I am constructing a URL and injecting some params using requests library,

QUERY_PARAMS['q'] = r'test="{}"'.format(0012000017421)

This gives the expected: 'test="1342185233"'

But when I use the requests library to make a request like this:

result = requests.get(urlparse.urljoin(URL_TEST, URL_SEARCH), params=QUERY_PARAMS)

On my print statement I get a totally different number:

print('Searching with params: ', QUERY_PARAMS, ' on URL: ', result.url)

>>>('Searching with params: ', {'q': 'test="1342185233"', 'pretty_print': True, 'dataset': 'pod_nutrition_us'}, ' on URL: ', u'https://example.com/api/records/1.0/search?q=test%3D%221342185233%22&pretty_print=True&dataset=pod_nutrition_us')

How did this 1342185233 number come up when I use 0012000017421?

If, however, do this:

QUERY_PARAMS['q'] = r'test="0012000017421"'

This works correctly and the print statement above prints correctly what I want.

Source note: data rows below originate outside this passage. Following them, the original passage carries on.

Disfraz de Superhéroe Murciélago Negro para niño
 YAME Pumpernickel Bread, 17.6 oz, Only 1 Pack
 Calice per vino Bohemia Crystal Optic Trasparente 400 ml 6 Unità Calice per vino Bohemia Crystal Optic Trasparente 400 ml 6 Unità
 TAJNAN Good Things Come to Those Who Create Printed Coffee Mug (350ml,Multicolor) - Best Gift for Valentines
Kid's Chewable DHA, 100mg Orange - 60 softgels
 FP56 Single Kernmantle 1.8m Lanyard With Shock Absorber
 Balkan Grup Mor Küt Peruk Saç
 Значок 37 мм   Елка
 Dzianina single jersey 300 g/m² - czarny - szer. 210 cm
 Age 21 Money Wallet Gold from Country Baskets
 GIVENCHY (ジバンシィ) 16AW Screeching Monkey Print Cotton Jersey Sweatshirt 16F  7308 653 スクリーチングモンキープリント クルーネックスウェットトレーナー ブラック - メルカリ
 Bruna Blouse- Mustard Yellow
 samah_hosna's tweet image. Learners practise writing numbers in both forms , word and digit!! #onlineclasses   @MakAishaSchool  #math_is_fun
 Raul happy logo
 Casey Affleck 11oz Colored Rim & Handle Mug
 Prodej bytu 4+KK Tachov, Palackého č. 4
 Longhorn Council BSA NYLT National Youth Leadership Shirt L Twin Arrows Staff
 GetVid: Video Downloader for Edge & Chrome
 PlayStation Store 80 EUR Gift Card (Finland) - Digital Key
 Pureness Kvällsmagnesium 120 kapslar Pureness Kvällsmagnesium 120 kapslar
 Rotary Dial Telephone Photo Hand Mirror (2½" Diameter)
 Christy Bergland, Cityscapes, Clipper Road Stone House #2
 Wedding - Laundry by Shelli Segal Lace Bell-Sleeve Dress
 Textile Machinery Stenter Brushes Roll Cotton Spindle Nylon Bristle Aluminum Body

Why does this occur?

In Python2, a literal number starts with 0 is in octal.

>> 011 == 9
True

In Python3, it's slightly different,

octal literals must now be specified with a leading "0o" or "0O" instead of "0";

which reduces the chance of making mistake.

You are passing the number instead of string in the format function. And since your number starts with zero, Python2 considers it to be an octal.

You can add quotes around your number and pass it in format function.

QUERY_PARAMS['q'] = r'test="{}"'.format('0012000017421')

This should do the work.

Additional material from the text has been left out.